This work discusses a low-level thruster controller that can be used as part of a semi- autonomous guidance, navigation and control system for a ROV. A thruster dynamics model describing the thrust force of a propeller-type underwater thruster was derived and implemented for the thruster on the Saab Seaeye Falcon ROV. The thruster dynamics model described is a quadratic equation that uses the propeller velocity to determine thrust force. This model includes a mechanism for compensation against the external motion of the thruster, such as occurs when the ROV moves through the water.

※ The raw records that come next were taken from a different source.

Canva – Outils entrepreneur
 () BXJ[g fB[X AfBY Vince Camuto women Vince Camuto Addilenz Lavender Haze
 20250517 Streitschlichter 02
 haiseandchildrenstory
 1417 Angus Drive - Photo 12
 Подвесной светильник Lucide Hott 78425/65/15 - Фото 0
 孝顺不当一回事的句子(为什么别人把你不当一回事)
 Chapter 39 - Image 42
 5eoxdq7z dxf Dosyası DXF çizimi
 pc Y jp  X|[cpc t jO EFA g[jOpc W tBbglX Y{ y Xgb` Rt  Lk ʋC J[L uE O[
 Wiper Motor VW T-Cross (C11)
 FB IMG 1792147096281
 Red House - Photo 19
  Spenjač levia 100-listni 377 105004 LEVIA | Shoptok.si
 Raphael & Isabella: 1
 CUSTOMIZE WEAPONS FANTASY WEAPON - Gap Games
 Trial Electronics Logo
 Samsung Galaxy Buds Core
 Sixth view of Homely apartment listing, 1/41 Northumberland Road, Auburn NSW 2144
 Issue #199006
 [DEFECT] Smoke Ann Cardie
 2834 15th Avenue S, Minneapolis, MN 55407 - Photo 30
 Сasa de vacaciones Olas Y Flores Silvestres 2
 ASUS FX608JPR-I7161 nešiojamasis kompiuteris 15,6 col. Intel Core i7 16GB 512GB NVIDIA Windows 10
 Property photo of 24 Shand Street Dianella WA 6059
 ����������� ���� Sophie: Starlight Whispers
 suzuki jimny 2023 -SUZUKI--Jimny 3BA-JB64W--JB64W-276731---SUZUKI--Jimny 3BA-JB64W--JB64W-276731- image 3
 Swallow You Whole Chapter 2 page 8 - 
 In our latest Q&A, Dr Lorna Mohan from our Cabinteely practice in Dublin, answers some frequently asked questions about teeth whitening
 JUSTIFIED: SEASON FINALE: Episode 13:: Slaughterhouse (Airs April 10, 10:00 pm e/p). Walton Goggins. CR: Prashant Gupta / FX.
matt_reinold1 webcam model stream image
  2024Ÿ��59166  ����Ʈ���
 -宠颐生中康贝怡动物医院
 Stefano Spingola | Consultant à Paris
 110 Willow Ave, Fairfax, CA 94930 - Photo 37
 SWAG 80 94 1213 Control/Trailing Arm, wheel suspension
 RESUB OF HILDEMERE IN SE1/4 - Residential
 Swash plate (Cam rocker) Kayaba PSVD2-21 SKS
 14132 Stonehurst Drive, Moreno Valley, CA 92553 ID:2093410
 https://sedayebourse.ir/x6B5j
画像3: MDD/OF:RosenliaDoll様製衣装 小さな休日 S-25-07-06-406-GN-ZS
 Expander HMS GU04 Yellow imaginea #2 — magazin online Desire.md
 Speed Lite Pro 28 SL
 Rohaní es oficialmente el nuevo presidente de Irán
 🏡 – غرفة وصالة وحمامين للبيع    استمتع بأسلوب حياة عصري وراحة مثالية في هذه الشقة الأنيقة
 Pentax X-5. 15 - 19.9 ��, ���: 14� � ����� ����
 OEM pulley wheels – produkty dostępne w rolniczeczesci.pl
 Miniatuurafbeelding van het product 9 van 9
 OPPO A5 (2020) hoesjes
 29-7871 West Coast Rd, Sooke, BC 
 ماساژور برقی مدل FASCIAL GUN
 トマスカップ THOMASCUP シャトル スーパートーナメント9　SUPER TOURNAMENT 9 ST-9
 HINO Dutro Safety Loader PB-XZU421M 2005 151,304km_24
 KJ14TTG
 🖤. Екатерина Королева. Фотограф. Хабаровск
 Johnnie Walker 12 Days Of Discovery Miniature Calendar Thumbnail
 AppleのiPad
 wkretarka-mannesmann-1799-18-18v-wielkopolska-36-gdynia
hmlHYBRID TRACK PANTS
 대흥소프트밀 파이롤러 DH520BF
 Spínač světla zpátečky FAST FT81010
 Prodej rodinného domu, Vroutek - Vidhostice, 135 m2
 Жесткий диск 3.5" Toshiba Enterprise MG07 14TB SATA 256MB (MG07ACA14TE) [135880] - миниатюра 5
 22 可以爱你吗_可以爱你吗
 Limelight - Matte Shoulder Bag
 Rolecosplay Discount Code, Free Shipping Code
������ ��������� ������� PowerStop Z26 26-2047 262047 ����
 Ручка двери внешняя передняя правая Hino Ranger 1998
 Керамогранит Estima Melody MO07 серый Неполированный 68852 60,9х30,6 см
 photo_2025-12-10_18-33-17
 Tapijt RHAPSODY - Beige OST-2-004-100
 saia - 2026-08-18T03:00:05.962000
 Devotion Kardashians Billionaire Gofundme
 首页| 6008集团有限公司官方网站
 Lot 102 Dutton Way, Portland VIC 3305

Several experiments were performed to fully characterize the quadratic thruster dynamics model and test its ability to accurately predict thrust force based on a known ambient water velocity and propeller angular velocity. The drag force was calculated and removed from the force measurements to get the thrust force used in the model. The model coefficients were determined and then the resulting model was tested against experimental data to determine the efficacy of the model in the lab environment and compare it to a widely used linear thruster dynamics model. The results showed the quadratic model improved upon the linear model, and the quadratic model was valid over a larger range of ambient water velocities.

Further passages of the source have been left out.